Study finds abrupt climate change may have rocked the cradle of civilization

Setting up the core in multi sensor core logger (MSCL) at the paleoceanography lab at the Rosenstiel School, to make a high-resolution image and measure the physical properties such as density and magnetic susceptibility. Credit: Diana Udel, UM Rosenstiel School Communications Office

New research reveals that some of the earliest civilizations in the Middle East and the Fertile Crescent may have been affected by abrupt climate change.

These findings show that while socio-economic factors were traditionally considered to shape ancient human societies in this region, the influence of abrupt climate change should not be underestimated.
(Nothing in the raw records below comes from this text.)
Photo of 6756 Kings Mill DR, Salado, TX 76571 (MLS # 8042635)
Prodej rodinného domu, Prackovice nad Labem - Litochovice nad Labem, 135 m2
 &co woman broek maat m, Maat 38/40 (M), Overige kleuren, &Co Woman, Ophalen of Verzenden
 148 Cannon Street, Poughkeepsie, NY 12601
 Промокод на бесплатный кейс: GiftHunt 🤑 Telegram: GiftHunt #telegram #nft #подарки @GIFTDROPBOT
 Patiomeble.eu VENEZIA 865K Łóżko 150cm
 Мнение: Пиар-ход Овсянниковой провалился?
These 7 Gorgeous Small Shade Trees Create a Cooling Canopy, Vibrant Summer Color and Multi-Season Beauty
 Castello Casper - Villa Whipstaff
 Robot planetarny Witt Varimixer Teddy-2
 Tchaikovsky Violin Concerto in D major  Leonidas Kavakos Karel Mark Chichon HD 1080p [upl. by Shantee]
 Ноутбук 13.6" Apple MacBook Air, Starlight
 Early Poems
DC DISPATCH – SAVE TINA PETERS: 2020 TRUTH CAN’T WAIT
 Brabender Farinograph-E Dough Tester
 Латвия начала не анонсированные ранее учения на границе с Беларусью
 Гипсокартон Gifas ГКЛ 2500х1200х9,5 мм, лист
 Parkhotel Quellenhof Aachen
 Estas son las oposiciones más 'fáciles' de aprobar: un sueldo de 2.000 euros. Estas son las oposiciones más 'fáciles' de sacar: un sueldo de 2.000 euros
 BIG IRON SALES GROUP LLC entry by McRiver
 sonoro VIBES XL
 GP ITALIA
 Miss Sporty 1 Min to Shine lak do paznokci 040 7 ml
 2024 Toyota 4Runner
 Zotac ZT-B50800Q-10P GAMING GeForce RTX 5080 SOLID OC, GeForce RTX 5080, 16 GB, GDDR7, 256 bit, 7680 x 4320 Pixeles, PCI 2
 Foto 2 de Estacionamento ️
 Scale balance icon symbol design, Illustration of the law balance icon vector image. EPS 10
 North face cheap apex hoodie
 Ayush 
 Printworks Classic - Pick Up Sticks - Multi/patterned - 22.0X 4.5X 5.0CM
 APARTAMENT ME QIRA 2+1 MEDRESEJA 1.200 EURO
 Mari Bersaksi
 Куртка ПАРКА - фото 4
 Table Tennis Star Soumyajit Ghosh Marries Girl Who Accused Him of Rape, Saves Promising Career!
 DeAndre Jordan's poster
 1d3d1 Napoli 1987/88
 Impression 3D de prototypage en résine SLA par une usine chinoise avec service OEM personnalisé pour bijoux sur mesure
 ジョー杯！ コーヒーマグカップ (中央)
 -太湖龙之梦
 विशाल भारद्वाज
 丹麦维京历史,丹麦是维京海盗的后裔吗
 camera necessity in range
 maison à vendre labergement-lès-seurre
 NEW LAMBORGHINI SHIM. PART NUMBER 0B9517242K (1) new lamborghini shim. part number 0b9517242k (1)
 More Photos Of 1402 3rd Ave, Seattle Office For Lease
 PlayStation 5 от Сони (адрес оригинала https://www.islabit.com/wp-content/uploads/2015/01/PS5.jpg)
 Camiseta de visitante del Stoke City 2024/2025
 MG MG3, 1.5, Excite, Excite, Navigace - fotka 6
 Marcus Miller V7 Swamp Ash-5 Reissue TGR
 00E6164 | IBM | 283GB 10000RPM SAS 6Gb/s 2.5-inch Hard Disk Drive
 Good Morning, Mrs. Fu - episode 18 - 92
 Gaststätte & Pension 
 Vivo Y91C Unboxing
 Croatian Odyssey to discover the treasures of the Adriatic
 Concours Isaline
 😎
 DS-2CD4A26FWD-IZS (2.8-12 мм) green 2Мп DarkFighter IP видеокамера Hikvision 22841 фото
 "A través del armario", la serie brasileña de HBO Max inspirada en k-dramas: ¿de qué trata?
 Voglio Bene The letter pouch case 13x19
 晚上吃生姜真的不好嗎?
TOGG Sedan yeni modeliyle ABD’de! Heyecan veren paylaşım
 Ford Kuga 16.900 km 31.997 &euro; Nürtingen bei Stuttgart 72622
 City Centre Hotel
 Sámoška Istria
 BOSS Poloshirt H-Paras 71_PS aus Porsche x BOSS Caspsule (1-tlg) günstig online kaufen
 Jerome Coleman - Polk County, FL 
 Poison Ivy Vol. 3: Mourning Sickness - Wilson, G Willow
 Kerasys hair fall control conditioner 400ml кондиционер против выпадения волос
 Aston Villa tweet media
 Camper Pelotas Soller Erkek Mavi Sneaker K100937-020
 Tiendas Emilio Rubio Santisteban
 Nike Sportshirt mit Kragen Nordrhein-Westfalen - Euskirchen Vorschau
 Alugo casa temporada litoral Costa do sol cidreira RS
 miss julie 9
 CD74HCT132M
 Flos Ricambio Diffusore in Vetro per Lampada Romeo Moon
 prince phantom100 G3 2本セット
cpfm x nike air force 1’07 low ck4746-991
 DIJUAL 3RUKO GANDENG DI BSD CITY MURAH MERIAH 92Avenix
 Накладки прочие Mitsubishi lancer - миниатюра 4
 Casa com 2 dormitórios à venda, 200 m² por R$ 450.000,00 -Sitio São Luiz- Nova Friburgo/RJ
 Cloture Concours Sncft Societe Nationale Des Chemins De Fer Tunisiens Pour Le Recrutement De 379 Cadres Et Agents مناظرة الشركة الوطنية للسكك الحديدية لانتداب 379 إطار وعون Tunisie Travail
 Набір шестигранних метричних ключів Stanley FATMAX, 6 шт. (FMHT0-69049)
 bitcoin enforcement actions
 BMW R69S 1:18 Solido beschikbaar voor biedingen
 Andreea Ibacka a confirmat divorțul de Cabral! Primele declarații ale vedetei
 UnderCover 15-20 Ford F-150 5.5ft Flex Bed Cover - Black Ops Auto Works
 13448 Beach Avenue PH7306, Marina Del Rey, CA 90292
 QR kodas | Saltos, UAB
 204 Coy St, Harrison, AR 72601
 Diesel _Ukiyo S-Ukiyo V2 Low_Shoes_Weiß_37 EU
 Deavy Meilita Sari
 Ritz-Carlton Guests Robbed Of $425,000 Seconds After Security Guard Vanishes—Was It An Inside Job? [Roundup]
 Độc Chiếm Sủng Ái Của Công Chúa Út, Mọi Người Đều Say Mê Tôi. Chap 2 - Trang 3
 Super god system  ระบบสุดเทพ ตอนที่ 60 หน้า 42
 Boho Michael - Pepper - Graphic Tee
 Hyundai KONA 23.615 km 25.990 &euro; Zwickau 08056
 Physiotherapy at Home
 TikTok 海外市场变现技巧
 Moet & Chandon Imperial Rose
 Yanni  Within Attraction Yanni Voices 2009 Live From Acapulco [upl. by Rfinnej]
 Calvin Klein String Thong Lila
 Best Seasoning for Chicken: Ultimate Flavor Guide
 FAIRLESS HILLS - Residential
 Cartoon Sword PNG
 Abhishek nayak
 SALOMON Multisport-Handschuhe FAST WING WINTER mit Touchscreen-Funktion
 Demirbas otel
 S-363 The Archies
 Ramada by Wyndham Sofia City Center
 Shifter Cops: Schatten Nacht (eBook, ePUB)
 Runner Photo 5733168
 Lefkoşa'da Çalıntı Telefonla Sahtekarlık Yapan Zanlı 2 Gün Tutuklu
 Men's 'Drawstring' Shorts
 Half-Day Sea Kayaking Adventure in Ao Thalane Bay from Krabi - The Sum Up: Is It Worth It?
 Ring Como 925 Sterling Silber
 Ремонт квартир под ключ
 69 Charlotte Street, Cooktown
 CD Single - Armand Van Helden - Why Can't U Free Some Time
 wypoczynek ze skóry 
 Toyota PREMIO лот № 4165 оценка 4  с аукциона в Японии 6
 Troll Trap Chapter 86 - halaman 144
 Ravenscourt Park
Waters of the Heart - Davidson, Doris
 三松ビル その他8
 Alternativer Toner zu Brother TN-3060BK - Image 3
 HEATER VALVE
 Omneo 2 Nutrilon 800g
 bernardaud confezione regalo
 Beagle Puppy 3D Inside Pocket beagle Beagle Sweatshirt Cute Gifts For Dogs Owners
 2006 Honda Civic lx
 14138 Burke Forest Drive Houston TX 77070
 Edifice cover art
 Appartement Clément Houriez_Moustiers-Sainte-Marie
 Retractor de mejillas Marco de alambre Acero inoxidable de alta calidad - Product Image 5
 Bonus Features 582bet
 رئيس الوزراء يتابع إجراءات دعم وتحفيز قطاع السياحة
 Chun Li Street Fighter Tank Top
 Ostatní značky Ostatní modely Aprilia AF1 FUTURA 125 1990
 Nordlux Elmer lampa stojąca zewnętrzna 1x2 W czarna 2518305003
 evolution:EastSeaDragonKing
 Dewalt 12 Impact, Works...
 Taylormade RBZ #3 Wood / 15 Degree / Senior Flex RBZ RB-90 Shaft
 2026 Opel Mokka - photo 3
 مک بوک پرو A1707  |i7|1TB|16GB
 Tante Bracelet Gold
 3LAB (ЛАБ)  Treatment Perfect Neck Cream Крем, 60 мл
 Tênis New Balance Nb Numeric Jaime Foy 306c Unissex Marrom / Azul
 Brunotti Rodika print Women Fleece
A team of international scientists led by researchers from the University of Miami (UM) Rosenstiel School of Marine and Atmospheric Science found that during the first half of the last interglacial period known as the Holocene epoch, which began about 12,000 years ago and continues today, the Middle East most likely experienced wetter conditions in comparison with the last 6,000 years, when the conditions were drier and dustier.

“Evidence for wet early Holocene was previously found in the Eastern Mediterranean Sea region, North and East African lakes and cave deposits from Southwest Asia, and attributed to higher solar insolation during this period,” said Ali Pourmand, assistant professor of marine geosciences at the UM Rosenstiel School, who supervised the project.

“Our study, however, is the first of its kind from the interior of West Asia and unique in its resolution and multi-proxy approach.”

The Fertile Crescent, a region in west Asia that extends from Iran and the Arabian Peninsula to the eastern Mediterranean Sea and northern Egypt is one of the most climatically dynamic regions in the world and is widely considered the birthplace of early human civilizations.

“The high-resolution nature of this record afforded us the rare opportunity to examine the influence of abrupt climate change on early human societies. We see that transitions in several major civilizations across this region, as evidenced by the available historical and archeological records, coincided with episodes of high atmospheric dust; higher fluxes of dust are attributed to drier conditions across the region over the last 5,000 years,” said Arash Sharifi, Ph.D. candidate at the department of marine geosciences and the lead author of the study.

The researchers investigated climate variability and changes in paleoenvironmental conditions during the last 13,000 years based on a high-resolution (sub-decadal to centennial) peat record from Neor Lake in Northwest Iran. Abrupt climate changes occur in the span of years to decades.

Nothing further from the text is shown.